Sir George Jessel (born Feb. 13, 1824, London, Eng.—died March 21, 1883, London) was a jurist considered one of the greatest English trial judges in equity. It is said that Jessel, as solicitor general (1871–73), was the first professing Jew to hold important governmental office in England. (Benjamin Disraeli, who had become prime minister in 1868, was born into Judaism but was baptized a Christian at the age of 12.)
The son of a London merchant, Jessel attended University College, London, and studied law at Lincoln’s Inn. Called to the bar in 1847, Jessel was appointed a queen’s counsel in 1865 and was elected to the House of Commons as a Liberal in 1868. From 1873 he was master of the rolls, originally sitting both as a judge of first instance in the Rolls Court and as a member of the Court of Appeal. Later, however, after statutes of 1875 and 1876 had made the master of the rolls the president of the Court of Appeal, he was exclusively an appellate judge.

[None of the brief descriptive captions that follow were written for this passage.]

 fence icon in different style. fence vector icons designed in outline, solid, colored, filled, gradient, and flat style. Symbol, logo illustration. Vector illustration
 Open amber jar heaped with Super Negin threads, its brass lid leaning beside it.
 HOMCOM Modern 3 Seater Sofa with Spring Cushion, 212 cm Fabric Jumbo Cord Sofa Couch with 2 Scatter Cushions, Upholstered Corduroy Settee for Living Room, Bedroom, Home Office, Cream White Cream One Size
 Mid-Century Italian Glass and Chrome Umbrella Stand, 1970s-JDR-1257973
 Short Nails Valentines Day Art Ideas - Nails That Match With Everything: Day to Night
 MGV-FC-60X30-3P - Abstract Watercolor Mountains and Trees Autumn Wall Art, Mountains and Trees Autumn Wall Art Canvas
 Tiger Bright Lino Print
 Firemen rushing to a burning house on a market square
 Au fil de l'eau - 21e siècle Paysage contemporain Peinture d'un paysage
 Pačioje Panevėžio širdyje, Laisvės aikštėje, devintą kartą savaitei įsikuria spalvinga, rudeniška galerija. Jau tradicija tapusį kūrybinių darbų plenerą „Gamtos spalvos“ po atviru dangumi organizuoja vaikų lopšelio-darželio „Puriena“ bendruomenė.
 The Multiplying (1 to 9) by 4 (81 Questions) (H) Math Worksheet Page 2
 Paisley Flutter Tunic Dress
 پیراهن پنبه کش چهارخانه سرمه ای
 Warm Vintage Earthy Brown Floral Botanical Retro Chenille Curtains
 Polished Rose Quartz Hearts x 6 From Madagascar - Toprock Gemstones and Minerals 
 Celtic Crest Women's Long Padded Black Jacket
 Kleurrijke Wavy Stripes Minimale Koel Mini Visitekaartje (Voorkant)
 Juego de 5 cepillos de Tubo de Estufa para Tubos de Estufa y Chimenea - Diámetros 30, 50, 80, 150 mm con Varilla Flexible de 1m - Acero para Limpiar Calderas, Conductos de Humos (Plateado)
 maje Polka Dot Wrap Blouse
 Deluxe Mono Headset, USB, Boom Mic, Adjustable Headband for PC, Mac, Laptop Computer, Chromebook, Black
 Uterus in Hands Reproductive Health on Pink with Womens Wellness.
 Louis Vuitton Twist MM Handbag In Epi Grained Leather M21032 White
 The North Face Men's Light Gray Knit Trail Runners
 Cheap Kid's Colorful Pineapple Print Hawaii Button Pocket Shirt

Jessel’s rapid and efficient work as a trial judge in equity contrasted sharply with the traditionally dilatory nature of English chancery proceedings (bitterly satirized by Charles Dickens in his novel Bleak House, 1852–53). The clarity of his judgments made them exceptionally useful as precedents; they were seldom appealed and very rarely reversed. He helped to effect the fusion of law and equity under the Supreme Court of Judicature acts (1873 et seq.).